Well known for both his fun-loving approach to life and his indefatigable work ethic, Boyd Martin has represented the U.S.A. in three-day eventing at two Olympic Games and two World Championships, and was on the gold-medal-winning Pan Am Games team in 2015. Boyd’s wife, Silva Martin, is a grand prix dressage rider and they have a son, Nox. Boyd and Silva train out of their own farm, Windurra USA in Cochranville, Pennsylvania, and spend winters at Stable View Farm in Aiken, South Carolina.
When do you shoe your horse in preparation for a competition?
The ideal time to get your horse shod in preparation for a big competition is about two weeks in advance. This means that if there’s a mishap with the shoeing, there’s time to do some emergency repair work so that you can still reach your goals. Try to plan your shoeing dates in your calendar so that you can time your appointments accordingly; there’s nothing worse than the feeling of sliding through mud at 570 meters per minute with only two shoes left on your horse’s feet! If there’s any chance of slippery or muddy going, also make sure the shoes are drilled and tapped so that you can use studs as needed.
How do you plan your horse’s training leading up to a big event?
Get yourself a calendar, or use the calendar app in your smartphone. As you go into the final weeks, try to have a day-to-day plan of what you want to do with your horse. Each day, have an idea of what you want to achieve and the exact time limitations of your training schedule. These plans can be changed according to your specific situation, but try to stick as close to them as you can.
As the competition approaches, it’s very easy to get irrational as far as what to do with your horse. Often your mind starts working overtime, trying to convince you to do more and more and more, but this usually leads to a painful breakdown rather than competitive success. The final stretch before a competition is when you should be perfecting your talents, not learning new skills.

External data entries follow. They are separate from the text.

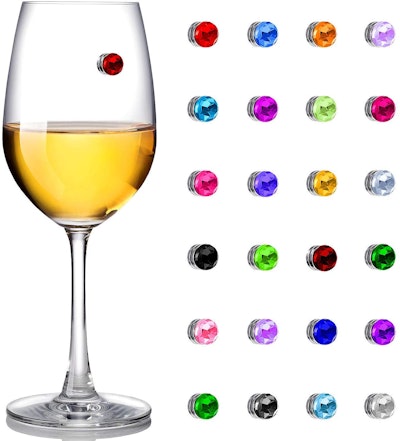 Maitys Crystal Magnetic Drink Markers (Set Of 24)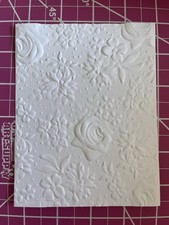 Stampin Up Country Floral Textured Embossing Folder folder only 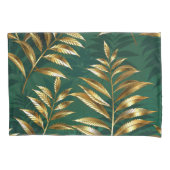 Seamless pattern with golden ferns kissenbezug (Vorderseite-Links)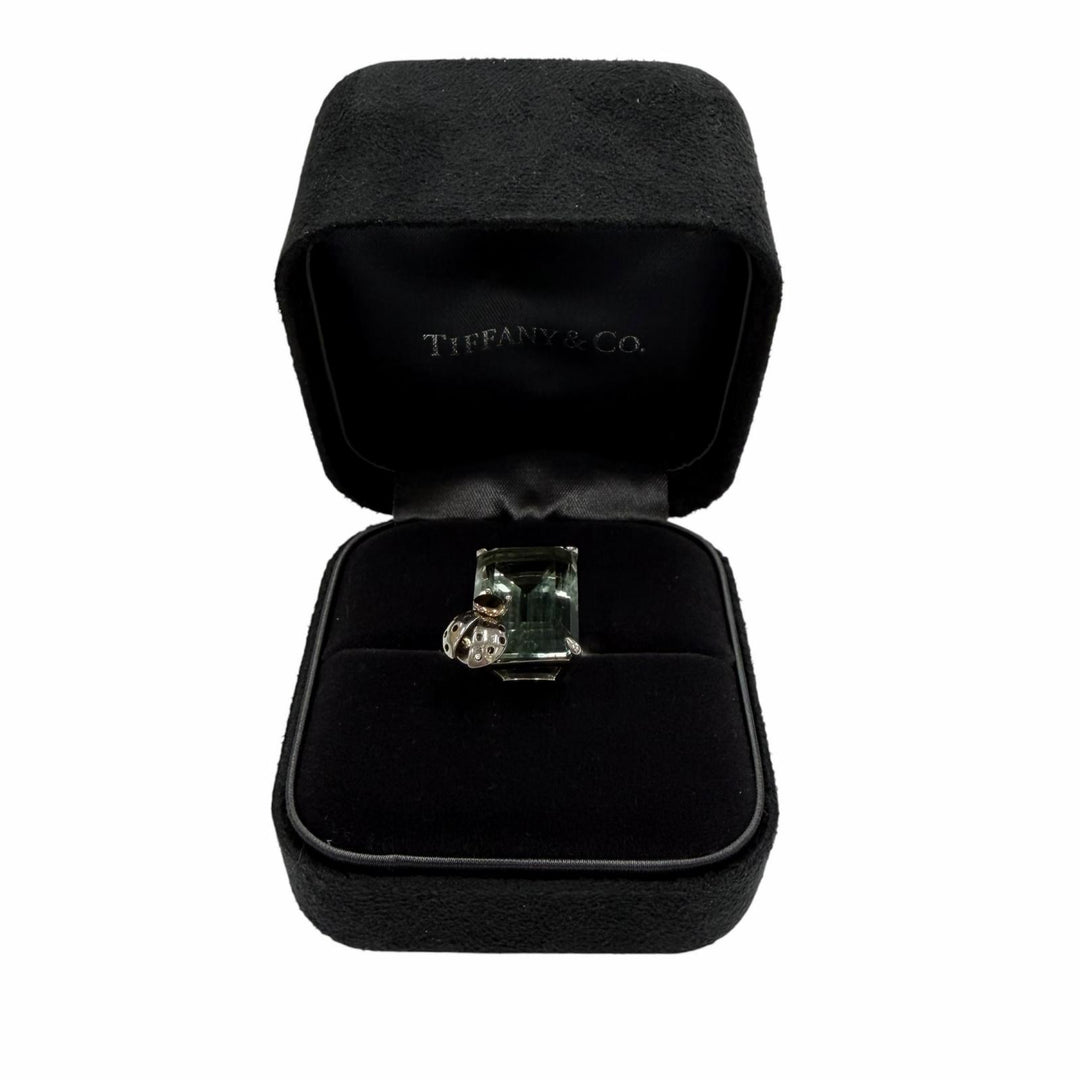 Excellent TIFFANY&Co. Ring ring Love Bugs Green Quartz Ladybug Silver AG925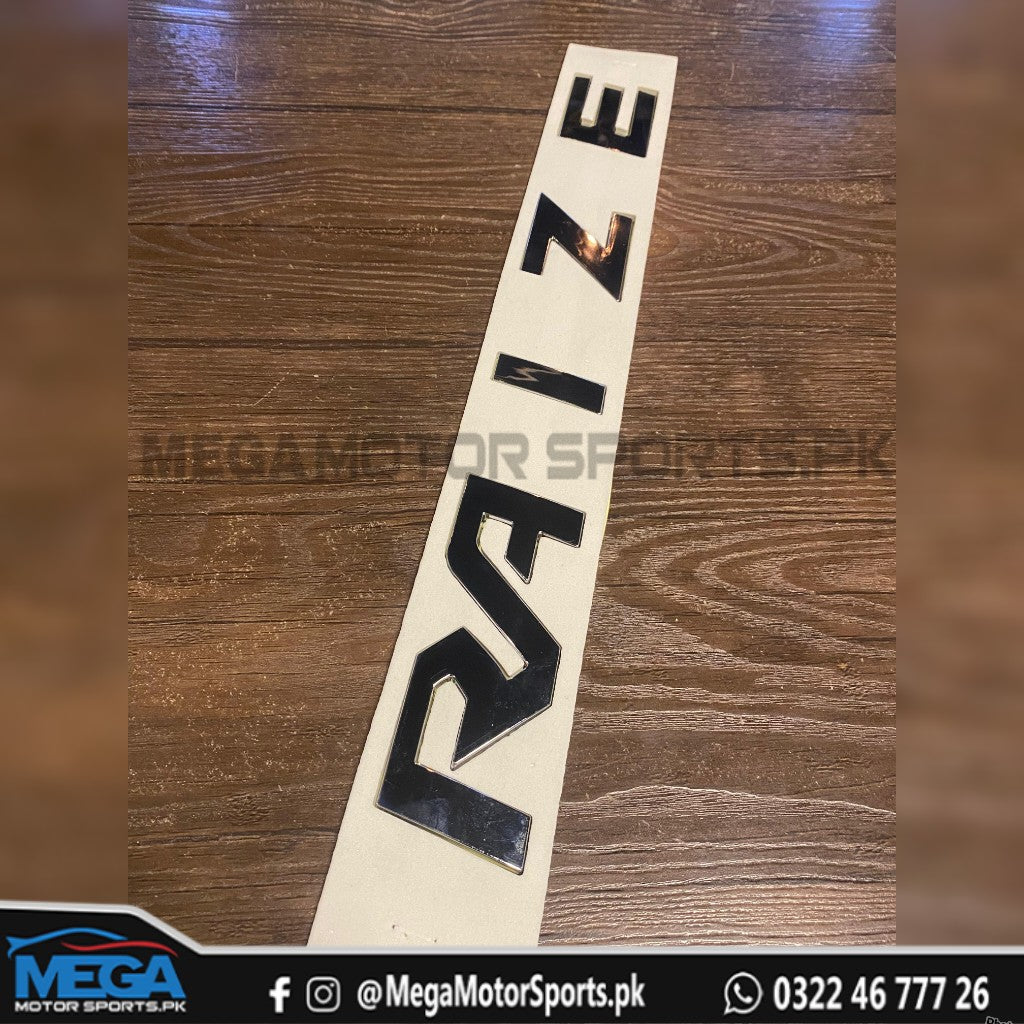 Toyota Raize Front Bonnet 3D Logo Letters In Chrome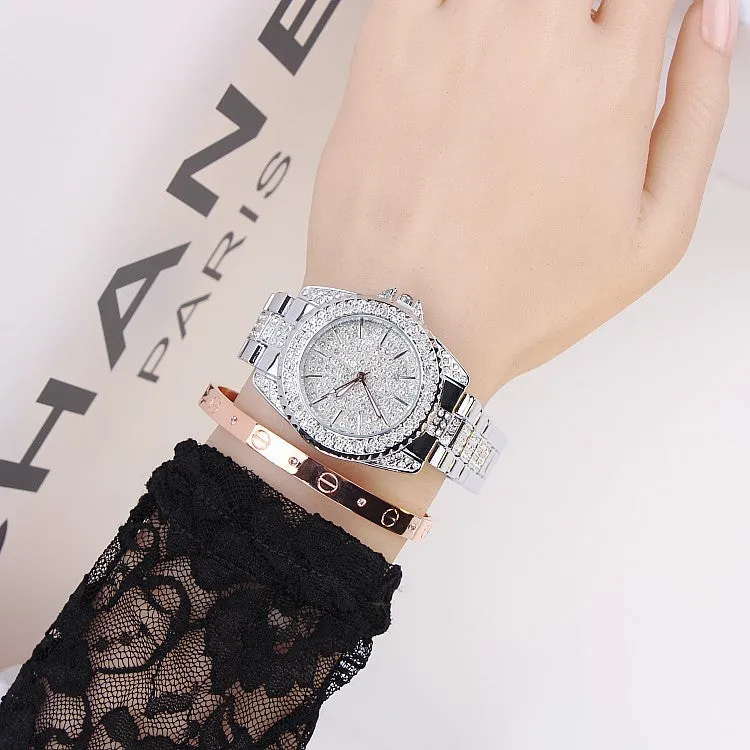 Trendy Diamond With Scale Women's Watch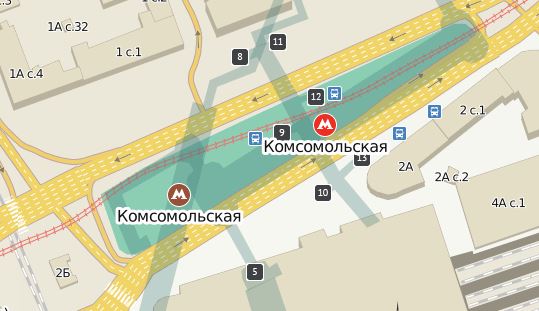 komsomolskay metro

The final week before the big competition, you’re going to have to walk the fine line of getting your horse perfectly tuned without going over the top and blowing it all. Make sure you have a few training sessions with your regular coach, and put the finishing touches on your performance. Often the only difference in the results you see between the good riders and the great riders is the preparation that has taken place before the event. All in all, it’s your attention to every small detail in preparation for this one event that will make the difference between winning and losing.
How do you keep your horse balanced and off the forehand when galloping cross-country?
One of the important factors to consider when training your horse to go cross-country is the way the horse gallops between fences. To me this is equally as important as teaching the horse to jump water, ditches and banks. When I’m schooling cross-country, the first section of my session would be galloping fences. I have a nice, big, flat field and I like to spend some time on single, galloping fences. If you think about a cross-country course, this type of jump makes up about 60 percent of the course anyway.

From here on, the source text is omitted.